Recent advances in Machine Learning (ML) have enabled the development of novel computational techniques for tackling PDE-based problems considered unsolvable with classical methods. Physics-informed neural networks, such as Deep Galerkin and Deep BSDEs, are among the most popular Deep Learning-based PDE solvers recently proposed in the field. Kernel methods and their connections to neural networks offer a set of tools to solve challenging PDEs that offer a convenient framework for analysis, in particular regarding their theoretical properties, consistency, stability, and convergence rates.
The aim of this workshop is to consolidate the academic links established in occasion of the first edition of the workshop and to keep discussing recent advances on machine learning for PDEs, both at the practical and theoretical level, as well as interesting opportunities for future research. The inter-disciplinary nature of the network provides an all-in-one approach to build new numerical schemes, analyse their theoretical properties, and investigate their optimal implementation on recent computer hardware advances, such as GPUs and NISQ-type quantum computers.
The workshop will take place in the Translation and Innovation Hub Building (I-Hub), White City campus, in room CR1/CR2 (ground floor) on Monday 3 April from 13:00 to 18:00 and in room IX5 (5th floor) on Tuesday 4 April from 9:00 to 18:00.
Organisers
Antoine Jacquier, Panos Parpas, Johannes Ruf, Cris Salvi.
Please contact the organisers if you are interested in attending the workshop.
Schedule
April, 3rd
12:45-13:00
Welcome Speech
13:00-13:45
Christa Cuchiero: Global universal approximation of functional input maps on weighted spaces
13:45-14:30
Deqing Jiang: Convergence of Deep Galerkin Method’s Limit
14:30-15:15
Zan Zuric: A random neural network approach to pricing SPDEs for rough volatility
Coffee Break
15:45-16:30
Yufei Zhang: Convergence of policy gradient methods for finite-horizon stochastic linear-quadratic control problems
16:30-17:15
Tamara Grossmann: Can Physics-informed Neural Networks beat the Finite Element Method?
April, 4th
09:00-09:45
Michael Giegrich: Nearest-Neighbour Resampling for Off-Policy Policy Evaluation in Stochastic Environments
09:45-10:30
Camilo Garcia Trillos: A Deep Neural Network solver for backward stochastic Volterra integral equations
Coffee Break
11:00-11:45
Sam Cohen: Optimal Control with Online Learning
11:45-12:30
Lisa Maria Kreusser: Generalised eikonal equations on graphs with applications to semi-supervised learning
Lunch Break
13:45-14:30
Alexandre Pannier: Solving path-dependent PDEs with signature kernels
14:30-15:15
Alexander Lobbe: Deep Learning Algorithm for the Nonlinear Stochastic Filtering Problem: A Case Study for the Benes Filter
Coffee Break
15:30-16:15
Ariel Neufeld: Deep Learning based algorithm for nonlinear PDEs in finance and gradient descent type algorithm for non-convex stochastic optimization problems with ReLU neural networks
16:15-17:00
James Rowbottom: Physics Inspired Graph Neural Networks
19:00-22:00
Workshop Dinner (by invitation only)
Titles and abstracts
Yufei Zhang (London School of Economics)
Title: Convergence of policy gradient methods for finite-horizon stochastic linear-quadratic control problems
Abstract: Recently, policy gradient (PG) methods have attracted substantial research interests.
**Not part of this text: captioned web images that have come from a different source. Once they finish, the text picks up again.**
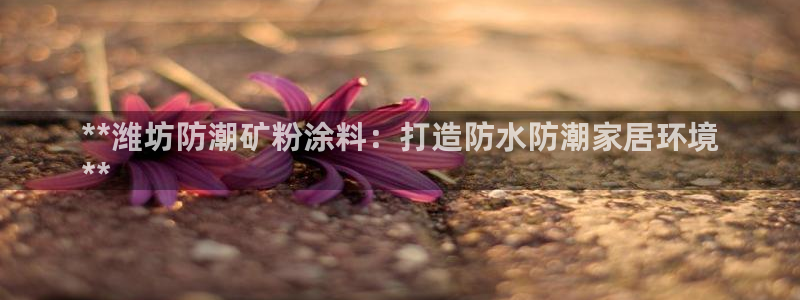ayx爱游戏网页版官网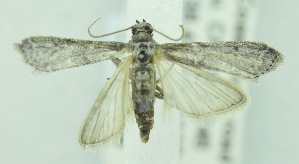  ( - USNM ENT 00808635)  @12 [ ] Unspecified (default): All Rights Reserved  Unspecified Unspecified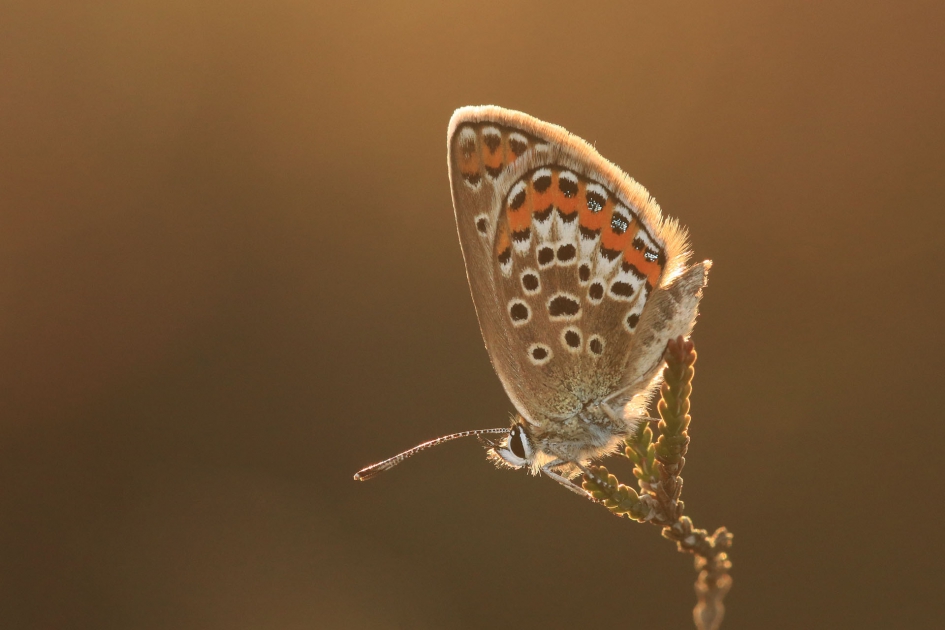 Heideblauwtje in het avondzonnetje - Geleedpotigen - Heideblauwtje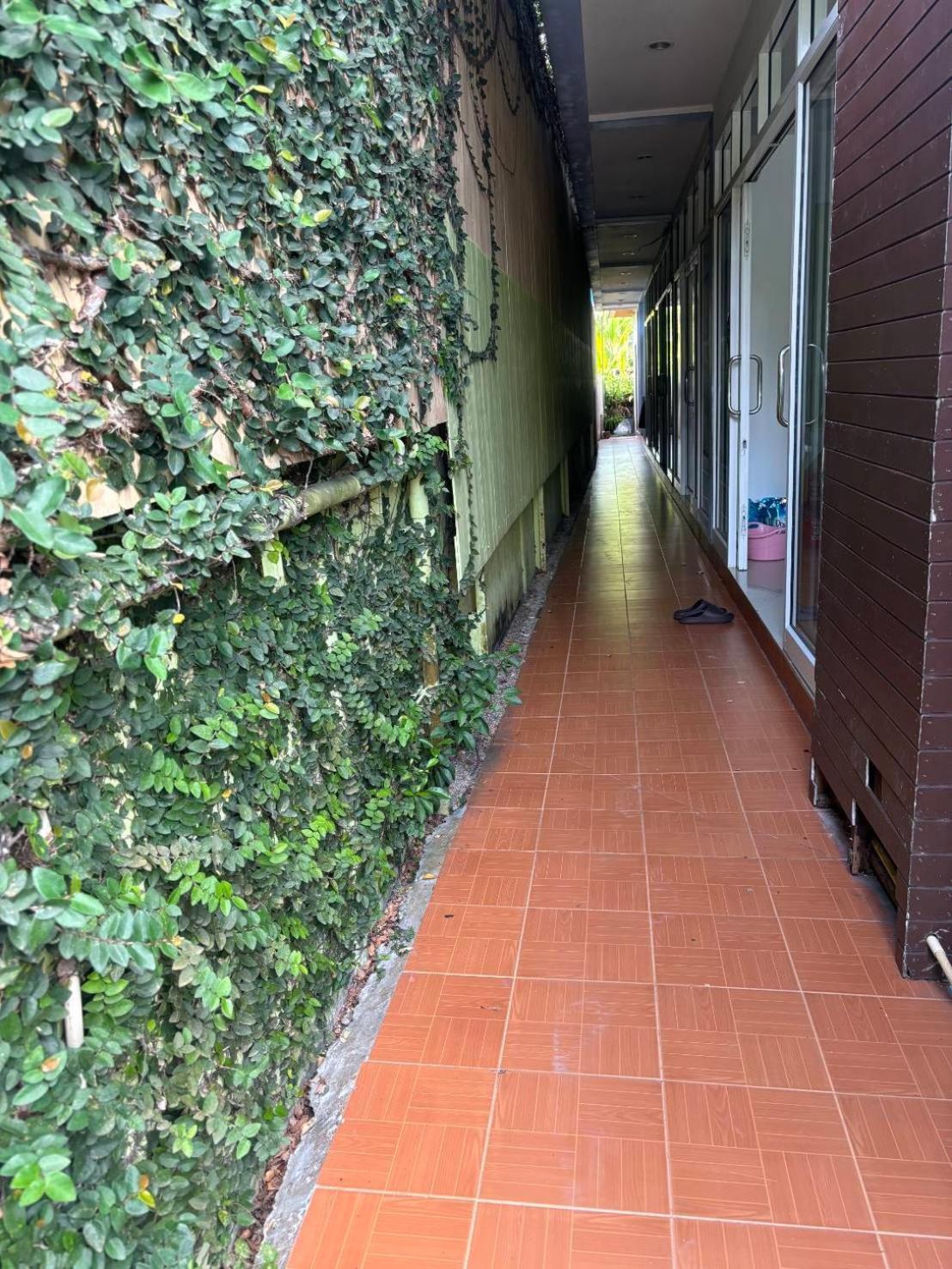 Hotel Rung Phangan Baan Tai Dış mekan fotoğraf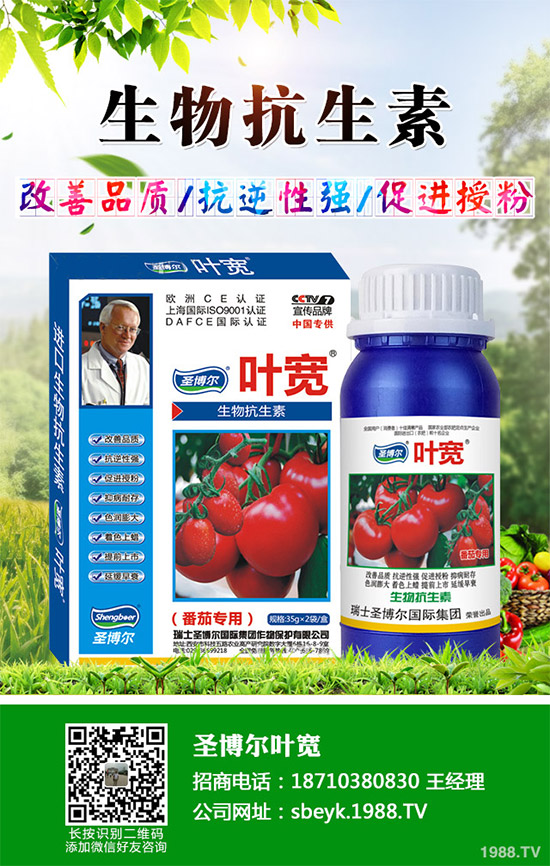 ���ﱡƤ���ԓ�����������Ƥ��ϸ߮a(ch��n)���༼�g(sh��)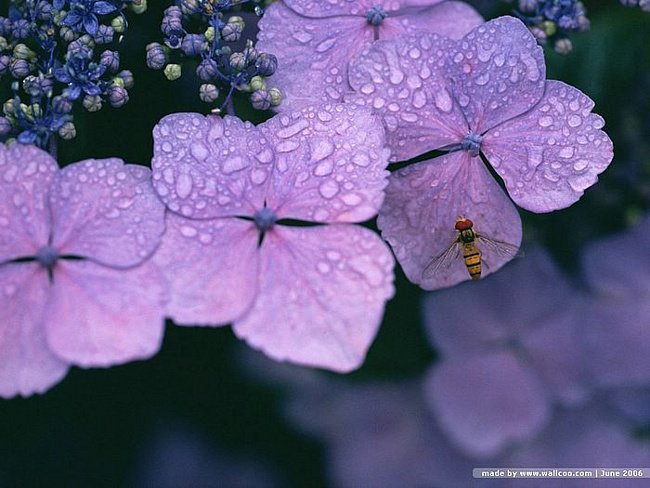 гортензия - оригинал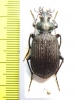 Calosoma sp.  Venezuela - INSECTS-STORE.RU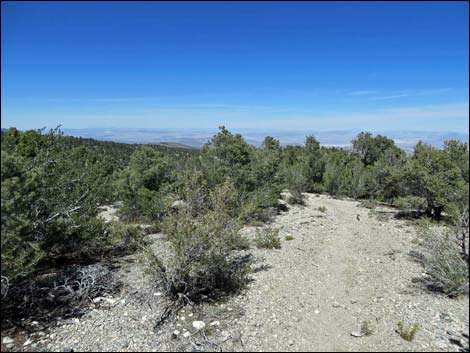 Big Sawmill Loop Trail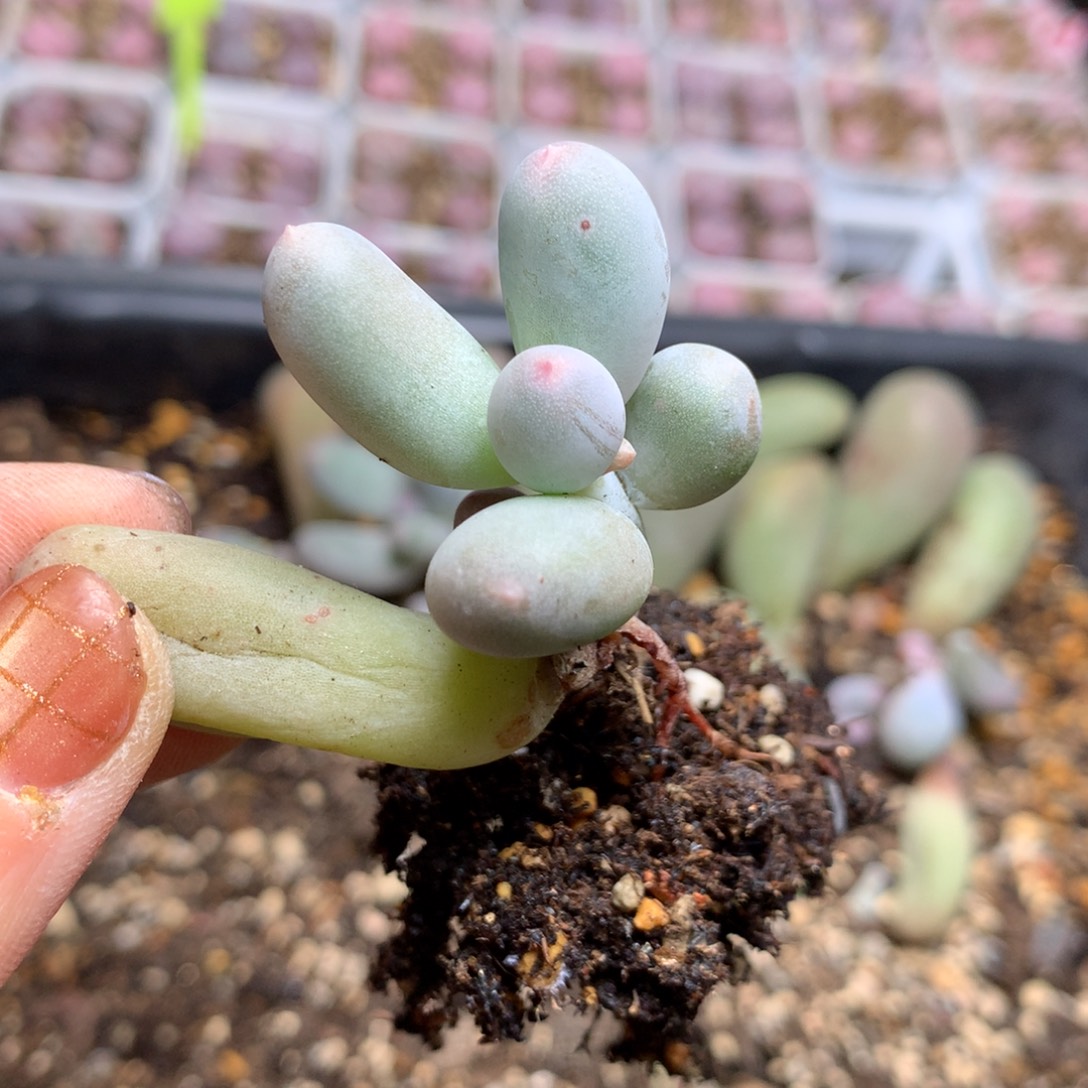 米可奶酪黄米可奶酪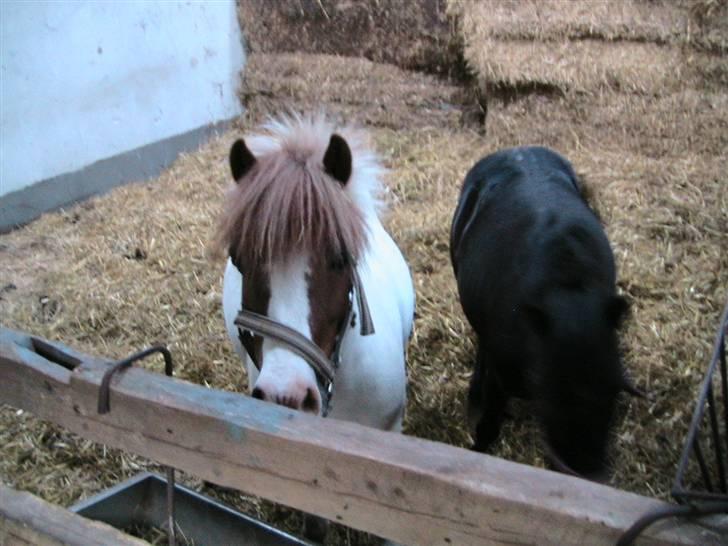 Anden særlig race Kvik  - Velkommen til Kviks profil. billede 1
Much of the attention and success, however, has been for the discrete-time setting. Convergence of PG methods for controlled diffusions remains a challenging and open problem. This work proves the convergence of PG methods for finite-horizon linear-quadratic control problems. We consider a continuous-time Gaussian policy whose mean is linear in the state variable and whose covariance is state-independent. We propose geometry-aware gradient descents for the mean and covariance of the policy using the Fisher geometry and the Bures-Wasserstein geometry, respectively. The policy iterates are shown to converge globally to the optimal policy with a linear rate. We further propose a novel PG method with discrete-time policies. The algorithm leverages the continuous-time analysis, and achieves a robust linear convergence across different action frequencies. A numerical experiment confirms the convergence and robustness of the proposed algorithm.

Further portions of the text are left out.